Pasan los años y uno se pasa buscando las Navidades, las de aquel año, ¿pero las de cuál? No importa, son las de aquel año, las de los nervios, las de la gomina que te ponía tu tío y que le causó la alopecia, porque era pegamento más que gomina. La colonia del abuelo o de papá, la de las noches hasta las tantas contando cosas del colegio o contando lo que se va a hacer a la mañana siguiente o saboreando lo ingratos que pueden ser los celos cuando tu prima te comentaba algo de un chico de su clase.
También la del turrón y los polvorones de la cesta de papá, ¿por qué ya no saben igual? Recuerdo gastar un dineral en busca de turrones excelentes, pero jamás encuentro el sabor del ayer. Los villancicos adornados con esa magia que aportaba el tocadiscos, o mi tío con la botella de anís mientras entonaba villancicos, o mi primo tirarse al suelo por cualquier insensatez del aguinaldo, o mi hermano casi gritando que estaba Papá Noel en un tejado.
¿Y las panderetas? ¿Y las zambombas? Ya no suenan, pero… ¿han desaparecido?
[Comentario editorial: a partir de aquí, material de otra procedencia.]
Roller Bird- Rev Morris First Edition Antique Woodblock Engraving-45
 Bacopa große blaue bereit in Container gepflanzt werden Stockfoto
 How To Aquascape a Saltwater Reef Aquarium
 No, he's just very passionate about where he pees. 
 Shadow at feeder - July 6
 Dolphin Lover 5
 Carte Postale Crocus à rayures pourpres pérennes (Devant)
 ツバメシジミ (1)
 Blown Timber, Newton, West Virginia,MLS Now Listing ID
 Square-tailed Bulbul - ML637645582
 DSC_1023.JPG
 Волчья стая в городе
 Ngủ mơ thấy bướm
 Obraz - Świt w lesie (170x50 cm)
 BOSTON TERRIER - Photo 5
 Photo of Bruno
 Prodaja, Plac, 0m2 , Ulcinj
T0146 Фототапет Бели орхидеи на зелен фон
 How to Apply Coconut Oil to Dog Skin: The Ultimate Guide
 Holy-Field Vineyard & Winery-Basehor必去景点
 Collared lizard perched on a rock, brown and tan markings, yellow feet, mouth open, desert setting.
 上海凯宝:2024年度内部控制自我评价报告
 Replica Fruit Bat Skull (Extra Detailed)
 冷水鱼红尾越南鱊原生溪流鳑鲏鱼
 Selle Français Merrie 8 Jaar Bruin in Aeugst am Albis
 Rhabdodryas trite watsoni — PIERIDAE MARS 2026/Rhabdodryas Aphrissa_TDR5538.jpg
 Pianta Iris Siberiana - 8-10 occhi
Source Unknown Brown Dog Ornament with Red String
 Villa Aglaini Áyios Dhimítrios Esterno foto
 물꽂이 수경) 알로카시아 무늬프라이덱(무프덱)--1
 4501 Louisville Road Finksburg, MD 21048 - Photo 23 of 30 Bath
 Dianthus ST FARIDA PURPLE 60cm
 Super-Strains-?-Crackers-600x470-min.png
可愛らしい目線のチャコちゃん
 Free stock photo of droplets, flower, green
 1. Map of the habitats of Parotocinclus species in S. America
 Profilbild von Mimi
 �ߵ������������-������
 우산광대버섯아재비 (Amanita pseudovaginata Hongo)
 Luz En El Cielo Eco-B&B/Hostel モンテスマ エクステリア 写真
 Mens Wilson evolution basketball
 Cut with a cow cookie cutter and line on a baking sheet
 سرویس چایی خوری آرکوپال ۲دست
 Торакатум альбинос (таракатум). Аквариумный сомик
Tampoco en la Plaza Mayor hay ya demasiados puestos con figuras del belén. También las pelucas han desaparecido. Cada año busco la Navidad, la de antes, pero no la encuentro. ¿Y los Reyes Magos? Eso sí que era el colofón más dulce de todos. Esos nervios que nos invadían para explotar el día 6 de enero a primera hora. Levantarse demasiado pronto era algo condenatorio porque todo terminaba rápido, aunque luego continuábamos, pero la tarde, tras los regalos en casa de la abuela —aunque celebrábamos con roscón el día— siempre existía un poso de amargura porque ya había terminado todo. El tiempo en un niño siempre es diferente ¿Qué suponía esperar 365 días a que la magia volviese a suceder? Nada era similar, ni siquiera los cumpleaños. Toda esa magia se ha instalado, aunque la misma, en ocasiones, se camufla. Es casi la prenavidad lo que más se celebra. La Nochebuena dura poco y el fin de año cada vez se vuelve menos familiar. Los Reyes no, siempre se mantienen intactos, aunque la nostalgia se instale sin piedad.
La Navidad es una estación más, no es solo un estado. Guste o no, está y afecta, a unos para bien y a otros para mal, pero siempre está. Busco aquella Navidad, la del 84, o 91 o 92, pero no están, aunque la Navidad llega desde noviembre, y la espero, pero aquí en la ecuación el que falla soy yo, como siempre.